__The data__
◆ ◆ ◆ ◆ ◆ ◆ ◆
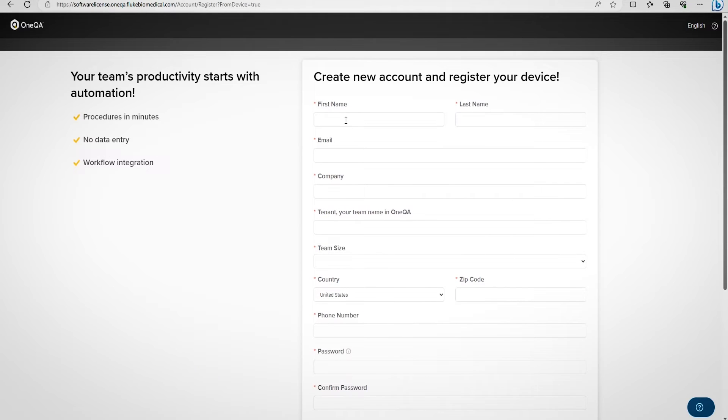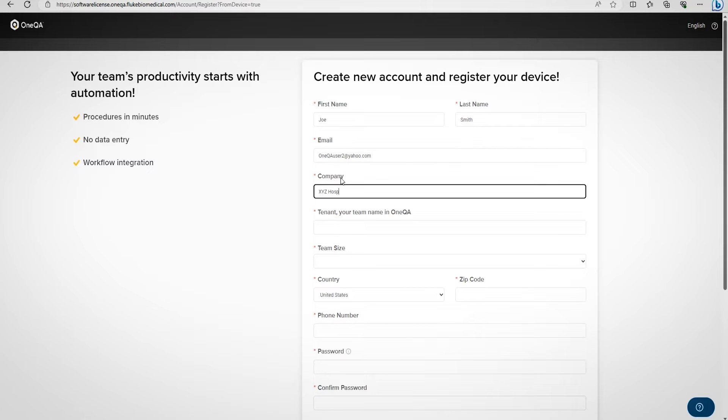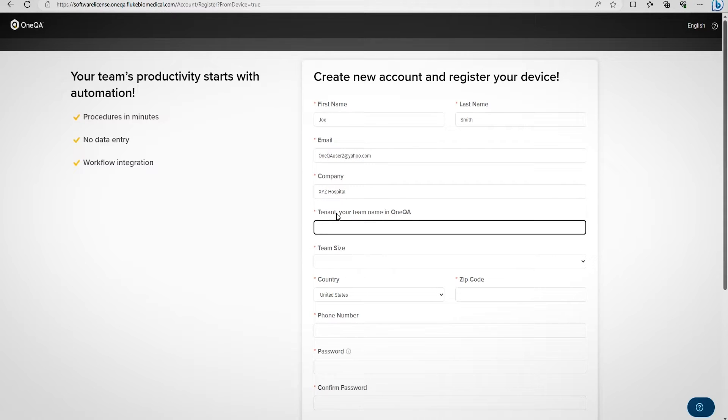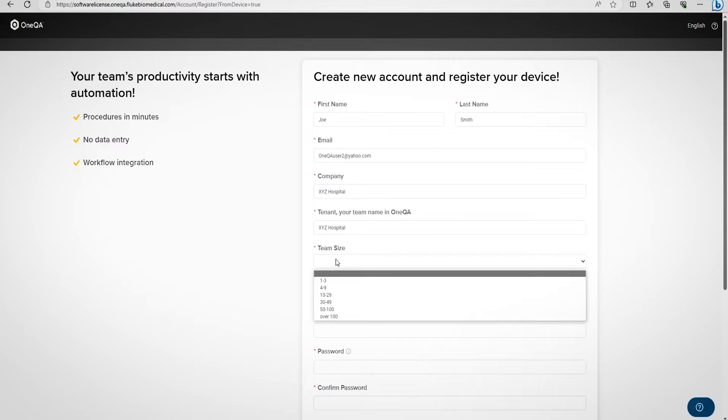First, enter your first and last name, email address, company name, and tenant name. The tenant name should be the name you want to use for your account within OneQA. Many customers prefer to use the name of their hospital or organization.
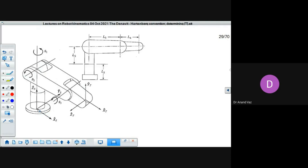We already have frame 0, written here as XS, YS, ZS. We can replace this notation by calling them X-naught, Y-naught, and Z-naught axes. When you turn from X to Y, you get the positive direction of Z. These axes are mutually perpendicular to each other. This is our reference frame zero — fixed to the base, the inertial fixed frame.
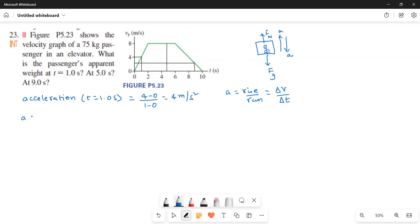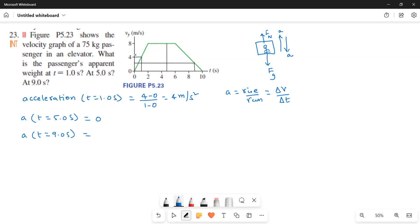At t equals 5 seconds, the slope is flat, so acceleration equals 0. At t equals 9 seconds, the slope is negative. Taking the rise over run — delta v is minus 2 over a time interval of 1 — gives an acceleration of minus 2 meters per second squared.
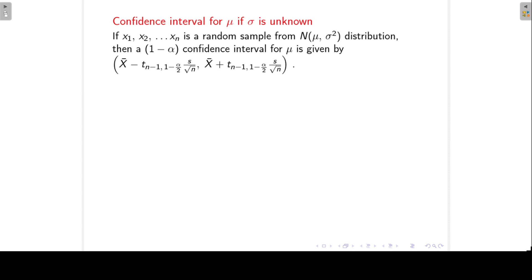We can now find a confidence interval for the population mean mu when sigma, the population standard deviation, is unknown. If x1 up to xn is a random sample from a normal distribution, then a 1 minus alpha confidence interval for mu is given by x-bar minus the t-value times s over square root n, to x-bar plus the t-value times s over square root n.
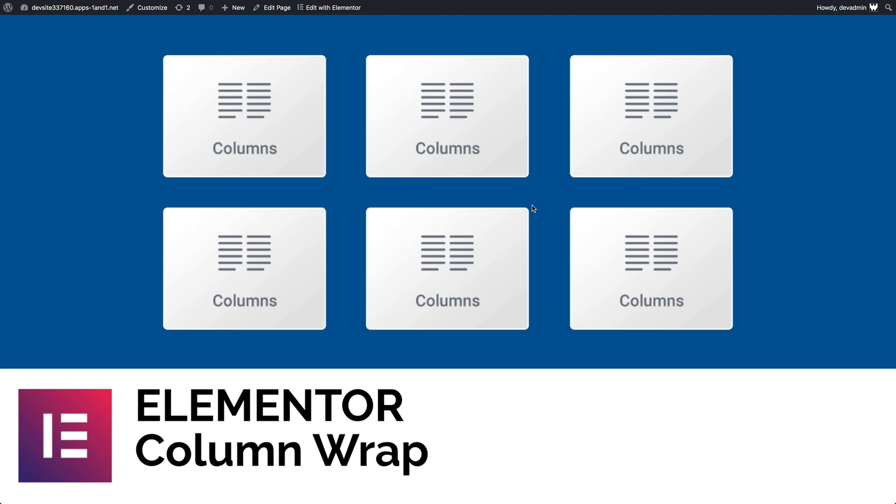One of the most exceptional features of the Elementor page builder for WordPress is its ability to simply create columns across rows. However,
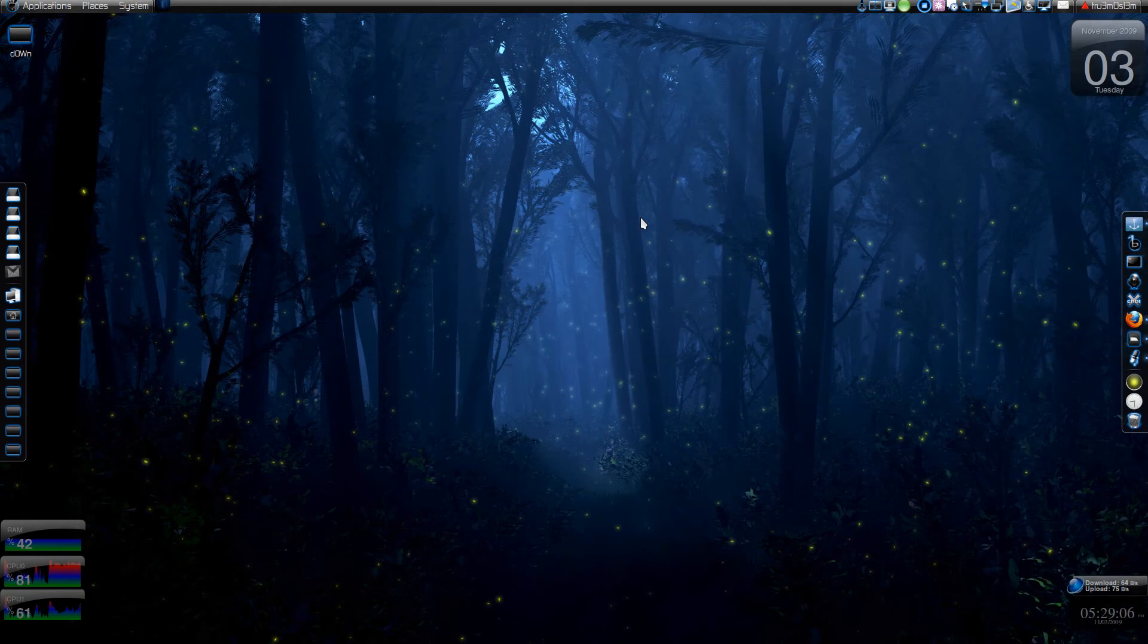Basically we're gonna do tweeting, twittering, tweeting, whatever you call it using GNOME Do.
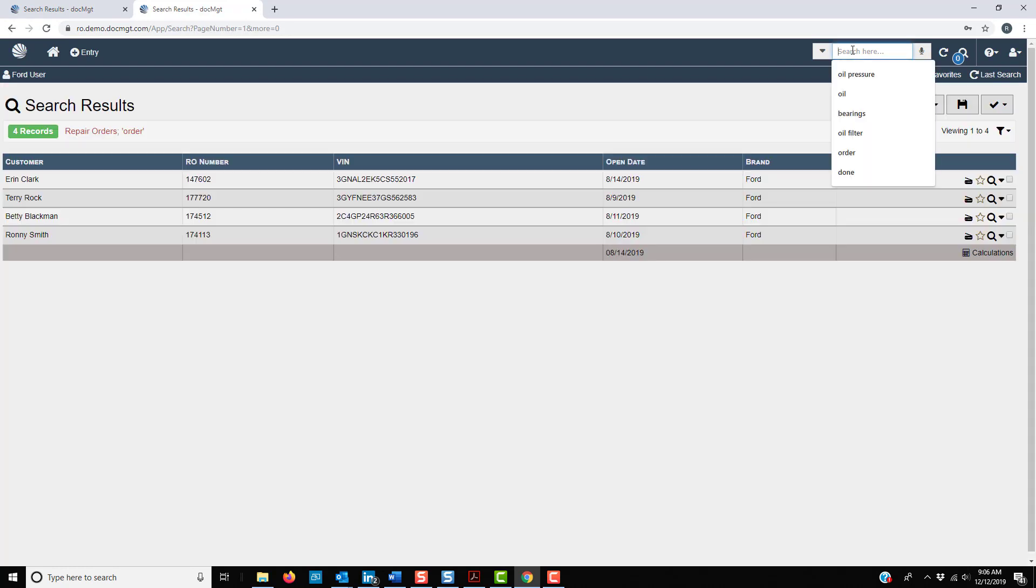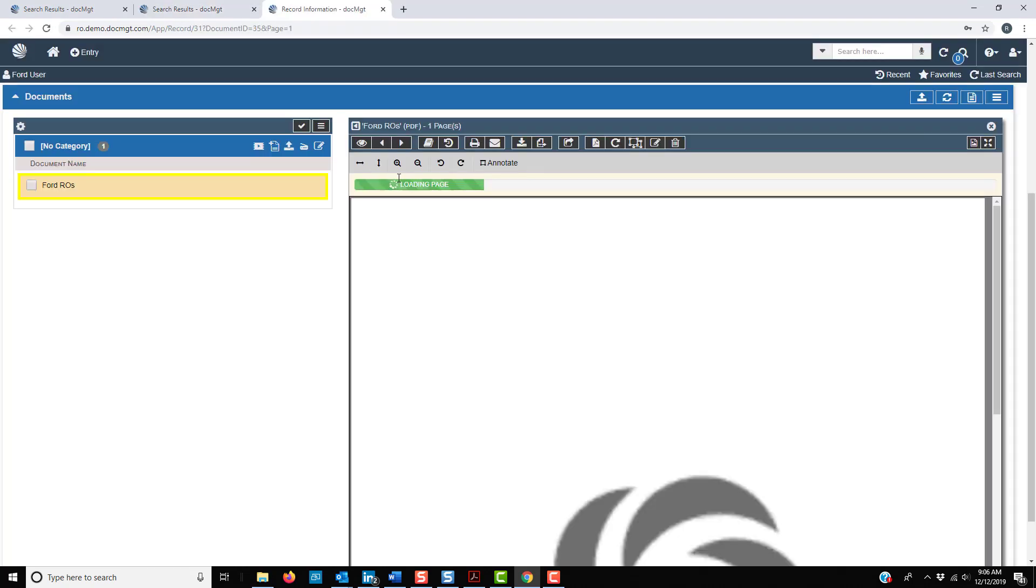I can search for anything, just like a web search, and the system will show me any documents that match the search.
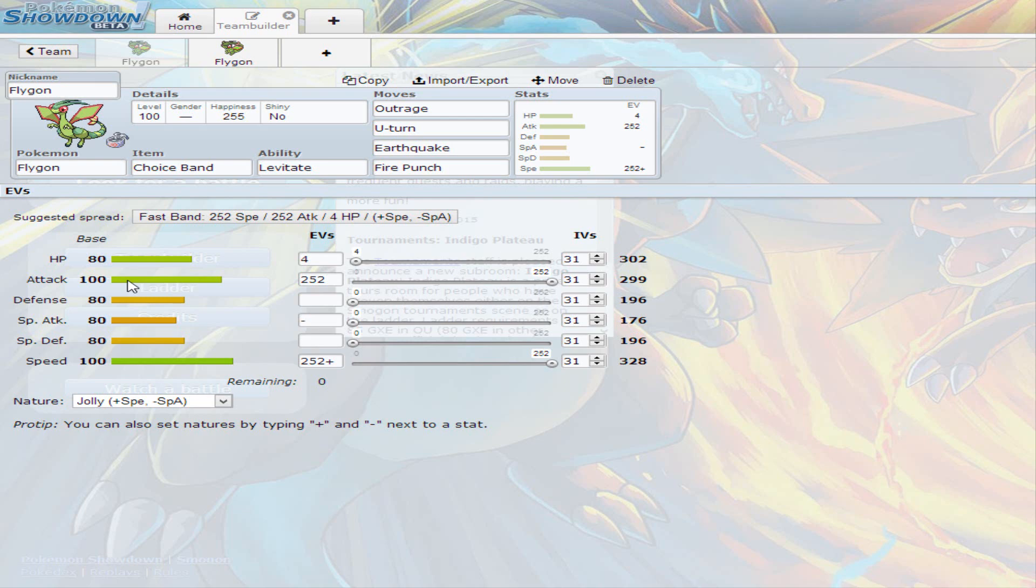That's pretty much it for Flygon. It does have 4x weakness to Ice, so watch out for Ice types. Whenever one comes out, it's best for you to just simply hard switch, or if you predict it, you can just U-turn back out, and especially the Ice Shards that come from Weavile most of the time, or Mamoswine. Also it's weak to Fairy and Dragon as always, and there's a lot of them that are always in every team, so just you need to watch out for those too. This is pretty much the Flygon set. Stay tuned for the second video of the day. I really hope you like this set. If you liked it, just give it a thumbs up, give Flygon a thumbs up. If you haven't subscribed to the channel, make sure to subscribe for future videos. Thank you for watching.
◆ ◆ ◆ ◆ ◆ ◆ ◆
__What you will do__
Exact copy, no pictures: write out all the records above.

__Written response__
First, enter your first and last name, email address, company name, and tenant name. The tenant name should be the name you want to use for your account within OneQA. Many customers prefer to use the name of their hospital or organization.
We already have frame 0, written here as XS, YS, ZS. We can replace this notation by calling them X-naught, Y-naught, and Z-naught axes. When you turn from X to Y, you get the positive direction of Z. These axes are mutually perpendicular to each other. This is our reference frame zero — fixed to the base, the inertial fixed frame.
At t equals 5 seconds, the slope is flat, so acceleration equals 0. At t equals 9 seconds, the slope is negative. Taking the rise over run — delta v is minus 2 over a time interval of 1 — gives an acceleration of minus 2 meters per second squared.
We can now find a confidence interval for the population mean mu when sigma, the population standard deviation, is unknown. If x1 up to xn is a random sample from a normal distribution, then a 1 minus alpha confidence interval for mu is given by x-bar minus the t-value times s over square root n, to x-bar plus the t-value times s over square root n.
One of the most exceptional features of the Elementor page builder for WordPress is its ability to simply create columns across rows. However,
Basically we're gonna do tweeting, twittering, tweeting, whatever you call it using GNOME Do.
I can search for anything, just like a web search, and the system will show me any documents that match the search.
That's pretty much it for Flygon. It does have 4x weakness to Ice, so watch out for Ice types. Whenever one comes out, it's best for you to just simply hard switch, or if you predict it, you can just U-turn back out, and especially the Ice Shards that come from Weavile most of the time, or Mamoswine. Also it's weak to Fairy and Dragon as always, and there's a lot of them that are always in every team, so just you need to watch out for those too. This is pretty much the Flygon set. Stay tuned for the second video of the day. I really hope you like this set. If you liked it, just give it a thumbs up, give Flygon a thumbs up. If you haven't subscribed to the channel, make sure to subscribe for future videos. Thank you for watching.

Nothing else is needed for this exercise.